(Records drawn from a dataset)
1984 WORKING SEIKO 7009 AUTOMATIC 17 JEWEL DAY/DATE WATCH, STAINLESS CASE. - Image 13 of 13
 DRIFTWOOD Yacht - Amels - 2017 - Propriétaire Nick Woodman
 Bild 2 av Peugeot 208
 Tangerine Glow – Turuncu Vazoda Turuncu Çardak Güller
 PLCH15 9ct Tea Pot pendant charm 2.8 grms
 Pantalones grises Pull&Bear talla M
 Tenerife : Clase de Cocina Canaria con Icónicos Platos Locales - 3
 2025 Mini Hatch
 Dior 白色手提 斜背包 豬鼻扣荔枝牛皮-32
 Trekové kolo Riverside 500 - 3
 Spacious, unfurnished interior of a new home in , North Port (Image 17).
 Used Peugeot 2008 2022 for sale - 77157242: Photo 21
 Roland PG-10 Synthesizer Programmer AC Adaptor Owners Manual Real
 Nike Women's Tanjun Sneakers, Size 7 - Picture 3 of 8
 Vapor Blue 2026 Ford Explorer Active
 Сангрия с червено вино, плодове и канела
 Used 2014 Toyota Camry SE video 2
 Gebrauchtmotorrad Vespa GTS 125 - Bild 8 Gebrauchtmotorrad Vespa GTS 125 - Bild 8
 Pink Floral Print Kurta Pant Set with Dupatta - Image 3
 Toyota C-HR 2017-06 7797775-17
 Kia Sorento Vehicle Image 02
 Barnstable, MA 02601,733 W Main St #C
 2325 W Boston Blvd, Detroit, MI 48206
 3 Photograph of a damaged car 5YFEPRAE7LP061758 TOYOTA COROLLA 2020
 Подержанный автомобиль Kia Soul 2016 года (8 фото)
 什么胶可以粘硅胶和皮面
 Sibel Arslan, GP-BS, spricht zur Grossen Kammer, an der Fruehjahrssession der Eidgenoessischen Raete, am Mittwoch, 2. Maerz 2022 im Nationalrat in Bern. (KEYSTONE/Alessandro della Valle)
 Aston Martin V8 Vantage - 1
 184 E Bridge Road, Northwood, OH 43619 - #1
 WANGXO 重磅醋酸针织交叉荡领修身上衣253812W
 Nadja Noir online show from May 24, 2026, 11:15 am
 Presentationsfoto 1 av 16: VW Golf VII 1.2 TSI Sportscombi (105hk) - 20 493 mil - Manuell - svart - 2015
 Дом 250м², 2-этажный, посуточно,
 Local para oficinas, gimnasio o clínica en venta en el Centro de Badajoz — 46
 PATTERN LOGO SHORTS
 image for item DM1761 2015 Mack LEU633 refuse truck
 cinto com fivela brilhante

§ WHAT IS REQUIRED: Above are the entries. Copy exactly the part that opens with the line containing "Pantalones grises Pull&Bear talla M" and closes with the line containing "Aston Martin V8 Vantage - 1", and no more.

§ WRITTEN SOLUTION:
 Pantalones grises Pull&Bear talla M
 Tenerife : Clase de Cocina Canaria con Icónicos Platos Locales - 3
 2025 Mini Hatch
 Dior 白色手提 斜背包 豬鼻扣荔枝牛皮-32
 Trekové kolo Riverside 500 - 3
 Spacious, unfurnished interior of a new home in , North Port (Image 17).
 Used Peugeot 2008 2022 for sale - 77157242: Photo 21
 Roland PG-10 Synthesizer Programmer AC Adaptor Owners Manual Real
 Nike Women's Tanjun Sneakers, Size 7 - Picture 3 of 8
 Vapor Blue 2026 Ford Explorer Active
 Сангрия с червено вино, плодове и канела
 Used 2014 Toyota Camry SE video 2
 Gebrauchtmotorrad Vespa GTS 125 - Bild 8 Gebrauchtmotorrad Vespa GTS 125 - Bild 8
 Pink Floral Print Kurta Pant Set with Dupatta - Image 3
 Toyota C-HR 2017-06 7797775-17
 Kia Sorento Vehicle Image 02
 Barnstable, MA 02601,733 W Main St #C
 2325 W Boston Blvd, Detroit, MI 48206
 3 Photograph of a damaged car 5YFEPRAE7LP061758 TOYOTA COROLLA 2020
 Подержанный автомобиль Kia Soul 2016 года (8 фото)
 什么胶可以粘硅胶和皮面
 Sibel Arslan, GP-BS, spricht zur Grossen Kammer, an der Fruehjahrssession der Eidgenoessischen Raete, am Mittwoch, 2. Maerz 2022 im Nationalrat in Bern. (KEYSTONE/Alessandro della Valle)
 Aston Martin V8 Vantage - 1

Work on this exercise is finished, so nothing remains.